**THE RECORDS:**
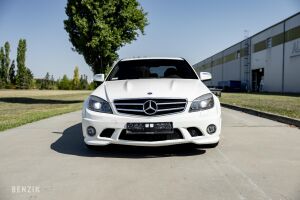 Mercedes-Benz C 63 AMG W204 - 2009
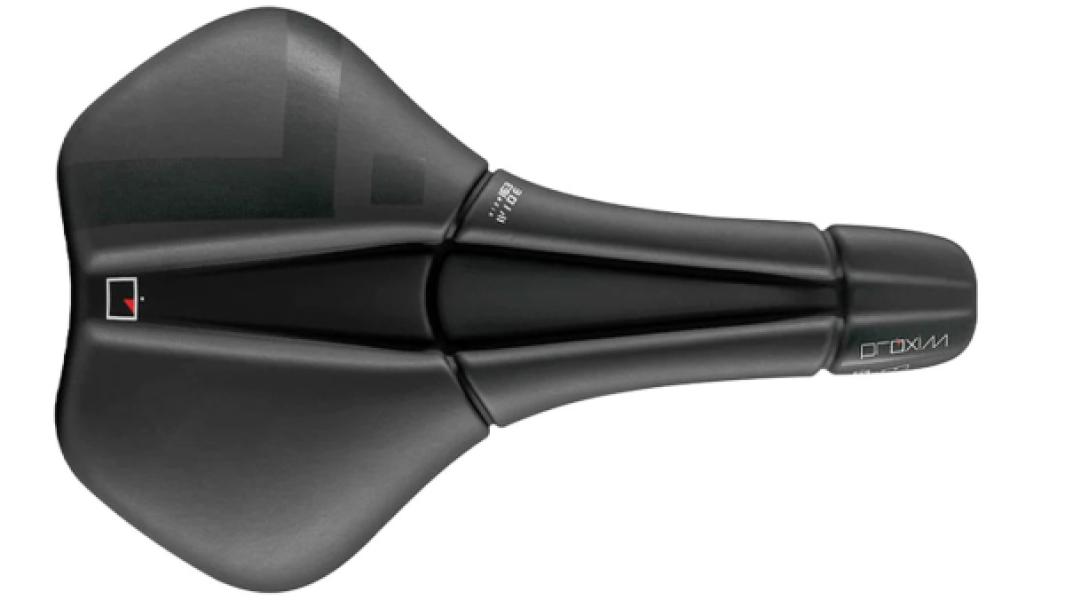 Nyereg PROLOGO PROXIM W400 SPORT 163 T2.0 HARD fekete — 7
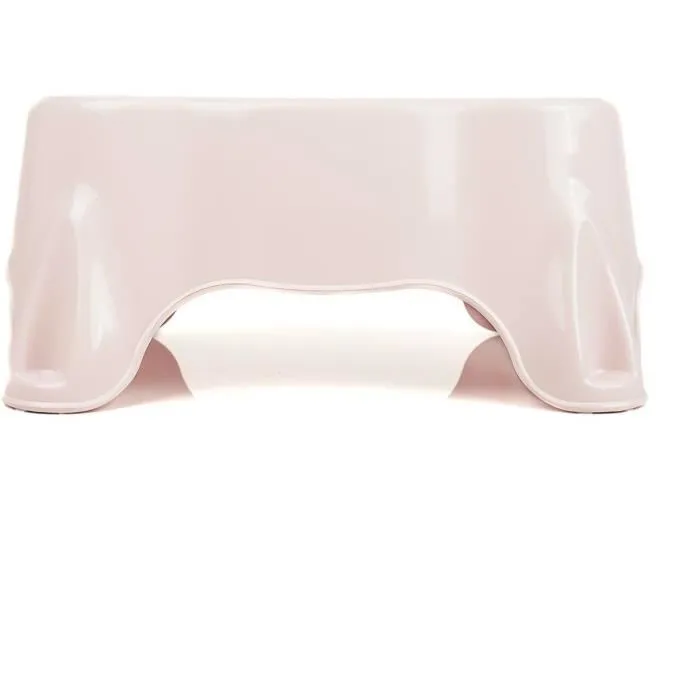 Thermobaby Marche-pieds Babystep - Rose poudré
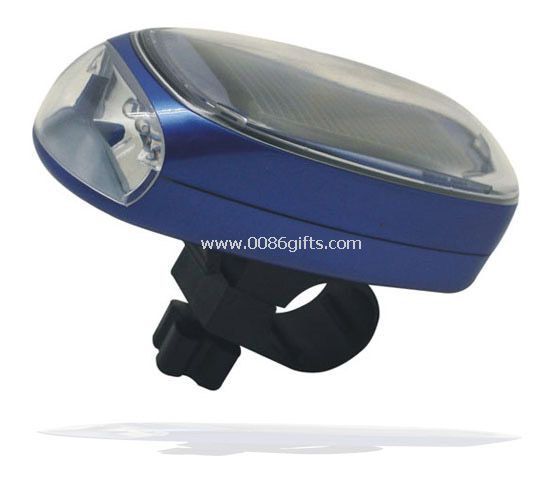 Solar Bike Lamp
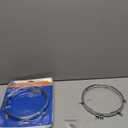 Dorman 42408 Round Headlamp Retaining Ring For 7 In. Headlight Universal Fit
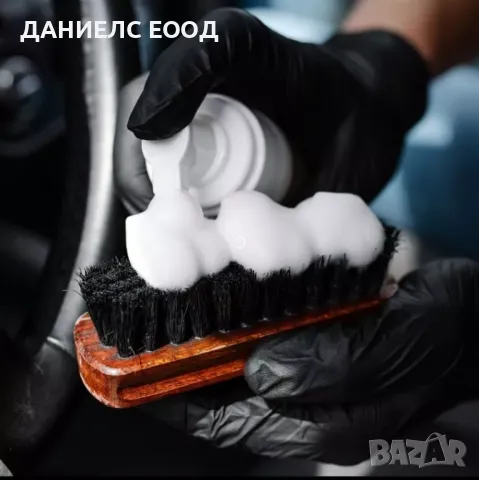 Пяна за почистване на гладка кожа К2 Letan Foam 200ml., снимка 2 - Аксесоари и консумативи - 47196717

**WHAT THE EXERCISE ASKS:**
Copy out the lines exactly as written, beginning with the one that contains "Solar Bike Lamp" and ending with the last line of the material; do not include pictures.

**EXERCISE RESPONSE:**
 Solar Bike Lamp
 Dorman 42408 Round Headlamp Retaining Ring For 7 In. Headlight Universal Fit
 Пяна за почистване на гладка кожа К2 Letan Foam 200ml., снимка 2 - Аксесоари и консумативи - 47196717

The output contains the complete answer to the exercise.